→ **RECORDS FOR THIS TASK**
-*-*-

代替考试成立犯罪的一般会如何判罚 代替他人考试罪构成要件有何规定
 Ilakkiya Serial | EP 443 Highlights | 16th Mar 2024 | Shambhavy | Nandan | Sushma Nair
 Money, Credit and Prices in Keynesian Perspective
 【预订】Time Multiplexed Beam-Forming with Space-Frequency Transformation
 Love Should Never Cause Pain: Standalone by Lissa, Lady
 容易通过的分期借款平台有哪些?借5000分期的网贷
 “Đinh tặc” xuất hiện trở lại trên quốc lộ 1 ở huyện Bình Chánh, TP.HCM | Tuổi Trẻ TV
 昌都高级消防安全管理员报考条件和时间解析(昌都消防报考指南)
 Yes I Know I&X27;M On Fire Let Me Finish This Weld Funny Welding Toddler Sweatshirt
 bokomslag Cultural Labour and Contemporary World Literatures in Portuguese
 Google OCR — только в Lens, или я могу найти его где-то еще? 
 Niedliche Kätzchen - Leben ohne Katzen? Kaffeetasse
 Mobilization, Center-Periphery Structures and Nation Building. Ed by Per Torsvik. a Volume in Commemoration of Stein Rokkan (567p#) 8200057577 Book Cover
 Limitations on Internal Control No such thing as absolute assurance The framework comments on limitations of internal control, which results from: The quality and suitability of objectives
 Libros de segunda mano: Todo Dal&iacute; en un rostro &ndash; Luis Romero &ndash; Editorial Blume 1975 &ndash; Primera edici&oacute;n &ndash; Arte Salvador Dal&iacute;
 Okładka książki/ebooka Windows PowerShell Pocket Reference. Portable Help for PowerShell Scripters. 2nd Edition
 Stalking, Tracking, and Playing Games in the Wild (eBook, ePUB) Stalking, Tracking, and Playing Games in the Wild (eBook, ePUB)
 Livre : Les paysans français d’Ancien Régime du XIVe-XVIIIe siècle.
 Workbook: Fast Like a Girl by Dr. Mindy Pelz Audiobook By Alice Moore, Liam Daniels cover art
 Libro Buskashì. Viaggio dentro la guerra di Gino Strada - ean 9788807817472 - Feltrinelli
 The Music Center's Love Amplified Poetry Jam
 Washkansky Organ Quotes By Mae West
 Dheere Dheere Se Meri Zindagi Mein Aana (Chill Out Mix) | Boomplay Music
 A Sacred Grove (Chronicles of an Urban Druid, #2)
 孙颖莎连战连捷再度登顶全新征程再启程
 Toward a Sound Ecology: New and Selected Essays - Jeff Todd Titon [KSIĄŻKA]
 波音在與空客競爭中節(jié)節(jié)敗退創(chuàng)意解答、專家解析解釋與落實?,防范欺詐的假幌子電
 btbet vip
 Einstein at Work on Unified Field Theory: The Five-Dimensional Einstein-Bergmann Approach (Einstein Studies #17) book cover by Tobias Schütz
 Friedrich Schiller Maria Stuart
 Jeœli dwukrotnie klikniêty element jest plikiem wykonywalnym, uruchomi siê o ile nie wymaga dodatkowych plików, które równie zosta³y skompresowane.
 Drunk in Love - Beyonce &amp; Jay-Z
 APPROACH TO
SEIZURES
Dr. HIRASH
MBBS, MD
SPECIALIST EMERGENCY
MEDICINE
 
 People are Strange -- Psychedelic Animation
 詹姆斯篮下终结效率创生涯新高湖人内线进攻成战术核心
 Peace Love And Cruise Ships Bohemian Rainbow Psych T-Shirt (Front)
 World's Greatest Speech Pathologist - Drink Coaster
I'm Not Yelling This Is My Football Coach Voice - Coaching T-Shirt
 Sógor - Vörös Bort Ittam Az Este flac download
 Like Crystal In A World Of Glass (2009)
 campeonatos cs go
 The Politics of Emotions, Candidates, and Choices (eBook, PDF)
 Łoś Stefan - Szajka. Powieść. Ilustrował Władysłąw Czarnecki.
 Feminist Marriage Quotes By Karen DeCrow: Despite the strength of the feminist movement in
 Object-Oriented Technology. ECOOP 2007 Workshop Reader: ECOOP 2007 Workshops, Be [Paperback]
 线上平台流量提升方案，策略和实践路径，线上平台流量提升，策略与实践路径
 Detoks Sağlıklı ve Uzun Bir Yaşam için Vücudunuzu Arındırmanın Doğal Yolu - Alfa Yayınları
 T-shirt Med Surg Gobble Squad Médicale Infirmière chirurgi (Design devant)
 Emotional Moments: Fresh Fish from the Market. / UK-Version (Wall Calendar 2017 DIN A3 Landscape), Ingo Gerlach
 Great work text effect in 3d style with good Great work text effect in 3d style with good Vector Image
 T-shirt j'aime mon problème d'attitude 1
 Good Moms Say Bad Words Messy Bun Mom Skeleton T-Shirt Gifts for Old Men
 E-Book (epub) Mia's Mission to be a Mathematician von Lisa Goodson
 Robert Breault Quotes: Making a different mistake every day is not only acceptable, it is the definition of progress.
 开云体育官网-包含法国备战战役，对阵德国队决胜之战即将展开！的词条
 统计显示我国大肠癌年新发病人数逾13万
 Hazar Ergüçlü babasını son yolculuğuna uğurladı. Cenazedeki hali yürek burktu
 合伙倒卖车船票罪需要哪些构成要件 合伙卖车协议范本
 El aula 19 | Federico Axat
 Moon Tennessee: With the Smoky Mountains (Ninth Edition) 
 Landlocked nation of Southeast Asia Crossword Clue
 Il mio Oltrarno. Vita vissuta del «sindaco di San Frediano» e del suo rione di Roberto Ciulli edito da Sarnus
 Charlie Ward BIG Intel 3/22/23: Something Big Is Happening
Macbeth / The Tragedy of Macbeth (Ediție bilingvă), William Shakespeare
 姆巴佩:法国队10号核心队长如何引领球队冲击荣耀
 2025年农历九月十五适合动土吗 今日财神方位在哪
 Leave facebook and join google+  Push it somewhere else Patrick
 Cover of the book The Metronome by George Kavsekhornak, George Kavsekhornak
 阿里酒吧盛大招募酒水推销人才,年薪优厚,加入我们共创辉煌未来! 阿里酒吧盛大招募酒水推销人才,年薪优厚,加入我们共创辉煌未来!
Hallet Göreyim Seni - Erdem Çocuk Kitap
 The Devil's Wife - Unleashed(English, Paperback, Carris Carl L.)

-*-*-

→ **EXERCISE DESCRIPTION**
The listing must be repeated in full, with nothing altered.

→ **OUTPUT FOR THIS EXERCISE**
代替考试成立犯罪的一般会如何判罚 代替他人考试罪构成要件有何规定
 Ilakkiya Serial | EP 443 Highlights | 16th Mar 2024 | Shambhavy | Nandan | Sushma Nair
 Money, Credit and Prices in Keynesian Perspective
 【预订】Time Multiplexed Beam-Forming with Space-Frequency Transformation
 Love Should Never Cause Pain: Standalone by Lissa, Lady
 容易通过的分期借款平台有哪些?借5000分期的网贷
 “Đinh tặc” xuất hiện trở lại trên quốc lộ 1 ở huyện Bình Chánh, TP.HCM | Tuổi Trẻ TV
 昌都高级消防安全管理员报考条件和时间解析(昌都消防报考指南)
 Yes I Know I&X27;M On Fire Let Me Finish This Weld Funny Welding Toddler Sweatshirt
 bokomslag Cultural Labour and Contemporary World Literatures in Portuguese
 Google OCR — только в Lens, или я могу найти его где-то еще? 
 Niedliche Kätzchen - Leben ohne Katzen? Kaffeetasse
 Mobilization, Center-Periphery Structures and Nation Building. Ed by Per Torsvik. a Volume in Commemoration of Stein Rokkan (567p#) 8200057577 Book Cover
 Limitations on Internal Control No such thing as absolute assurance The framework comments on limitations of internal control, which results from: The quality and suitability of objectives
 Libros de segunda mano: Todo Dal&iacute; en un rostro &ndash; Luis Romero &ndash; Editorial Blume 1975 &ndash; Primera edici&oacute;n &ndash; Arte Salvador Dal&iacute;
 Okładka książki/ebooka Windows PowerShell Pocket Reference. Portable Help for PowerShell Scripters. 2nd Edition
 Stalking, Tracking, and Playing Games in the Wild (eBook, ePUB) Stalking, Tracking, and Playing Games in the Wild (eBook, ePUB)
 Livre : Les paysans français d’Ancien Régime du XIVe-XVIIIe siècle.
 Workbook: Fast Like a Girl by Dr. Mindy Pelz Audiobook By Alice Moore, Liam Daniels cover art
 Libro Buskashì. Viaggio dentro la guerra di Gino Strada - ean 9788807817472 - Feltrinelli
 The Music Center's Love Amplified Poetry Jam
 Washkansky Organ Quotes By Mae West
 Dheere Dheere Se Meri Zindagi Mein Aana (Chill Out Mix) | Boomplay Music
 A Sacred Grove (Chronicles of an Urban Druid, #2)
 孙颖莎连战连捷再度登顶全新征程再启程
 Toward a Sound Ecology: New and Selected Essays - Jeff Todd Titon [KSIĄŻKA]
 波音在與空客競爭中節(jié)節(jié)敗退創(chuàng)意解答、專家解析解釋與落實?,防范欺詐的假幌子電
 btbet vip
 Einstein at Work on Unified Field Theory: The Five-Dimensional Einstein-Bergmann Approach (Einstein Studies #17) book cover by Tobias Schütz
 Friedrich Schiller Maria Stuart
 Jeœli dwukrotnie klikniêty element jest plikiem wykonywalnym, uruchomi siê o ile nie wymaga dodatkowych plików, które równie zosta³y skompresowane.
 Drunk in Love - Beyonce &amp; Jay-Z
 APPROACH TO
SEIZURES
Dr. HIRASH
MBBS, MD
SPECIALIST EMERGENCY
MEDICINE
 
 People are Strange -- Psychedelic Animation
 詹姆斯篮下终结效率创生涯新高湖人内线进攻成战术核心
 Peace Love And Cruise Ships Bohemian Rainbow Psych T-Shirt (Front)
 World's Greatest Speech Pathologist - Drink Coaster
I'm Not Yelling This Is My Football Coach Voice - Coaching T-Shirt
 Sógor - Vörös Bort Ittam Az Este flac download
 Like Crystal In A World Of Glass (2009)
 campeonatos cs go
 The Politics of Emotions, Candidates, and Choices (eBook, PDF)
 Łoś Stefan - Szajka. Powieść. Ilustrował Władysłąw Czarnecki.
 Feminist Marriage Quotes By Karen DeCrow: Despite the strength of the feminist movement in
 Object-Oriented Technology. ECOOP 2007 Workshop Reader: ECOOP 2007 Workshops, Be [Paperback]
 线上平台流量提升方案，策略和实践路径，线上平台流量提升，策略与实践路径
 Detoks Sağlıklı ve Uzun Bir Yaşam için Vücudunuzu Arındırmanın Doğal Yolu - Alfa Yayınları
 T-shirt Med Surg Gobble Squad Médicale Infirmière chirurgi (Design devant)
 Emotional Moments: Fresh Fish from the Market. / UK-Version (Wall Calendar 2017 DIN A3 Landscape), Ingo Gerlach
 Great work text effect in 3d style with good Great work text effect in 3d style with good Vector Image
 T-shirt j'aime mon problème d'attitude 1
 Good Moms Say Bad Words Messy Bun Mom Skeleton T-Shirt Gifts for Old Men
 E-Book (epub) Mia's Mission to be a Mathematician von Lisa Goodson
 Robert Breault Quotes: Making a different mistake every day is not only acceptable, it is the definition of progress.
 开云体育官网-包含法国备战战役，对阵德国队决胜之战即将展开！的词条
 统计显示我国大肠癌年新发病人数逾13万
 Hazar Ergüçlü babasını son yolculuğuna uğurladı. Cenazedeki hali yürek burktu
 合伙倒卖车船票罪需要哪些构成要件 合伙卖车协议范本
 El aula 19 | Federico Axat
 Moon Tennessee: With the Smoky Mountains (Ninth Edition) 
 Landlocked nation of Southeast Asia Crossword Clue
 Il mio Oltrarno. Vita vissuta del «sindaco di San Frediano» e del suo rione di Roberto Ciulli edito da Sarnus
 Charlie Ward BIG Intel 3/22/23: Something Big Is Happening
Macbeth / The Tragedy of Macbeth (Ediție bilingvă), William Shakespeare
 姆巴佩:法国队10号核心队长如何引领球队冲击荣耀
 2025年农历九月十五适合动土吗 今日财神方位在哪
 Leave facebook and join google+  Push it somewhere else Patrick
 Cover of the book The Metronome by George Kavsekhornak, George Kavsekhornak
 阿里酒吧盛大招募酒水推销人才,年薪优厚,加入我们共创辉煌未来! 阿里酒吧盛大招募酒水推销人才,年薪优厚,加入我们共创辉煌未来!
Hallet Göreyim Seni - Erdem Çocuk Kitap
 The Devil's Wife - Unleashed(English, Paperback, Carris Carl L.)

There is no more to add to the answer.